■ Instructions for the task
List every line below containing "with".

■ Stored data
===============

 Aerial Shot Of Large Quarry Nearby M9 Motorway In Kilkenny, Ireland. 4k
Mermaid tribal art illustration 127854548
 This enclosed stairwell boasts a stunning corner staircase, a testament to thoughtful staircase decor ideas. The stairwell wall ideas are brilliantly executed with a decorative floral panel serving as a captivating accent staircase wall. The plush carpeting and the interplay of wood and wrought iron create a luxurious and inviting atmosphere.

===============

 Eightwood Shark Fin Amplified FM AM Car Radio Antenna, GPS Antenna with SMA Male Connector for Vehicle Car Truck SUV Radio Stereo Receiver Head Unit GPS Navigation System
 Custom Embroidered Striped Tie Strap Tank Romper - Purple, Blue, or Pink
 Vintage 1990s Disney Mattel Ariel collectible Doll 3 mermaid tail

===============

■ Completed task
 This enclosed stairwell boasts a stunning corner staircase, a testament to thoughtful staircase decor ideas. The stairwell wall ideas are brilliantly executed with a decorative floral panel serving as a captivating accent staircase wall. The plush carpeting and the interplay of wood and wrought iron create a luxurious and inviting atmosphere.
 Eightwood Shark Fin Amplified FM AM Car Radio Antenna, GPS Antenna with SMA Male Connector for Vehicle Car Truck SUV Radio Stereo Receiver Head Unit GPS Navigation System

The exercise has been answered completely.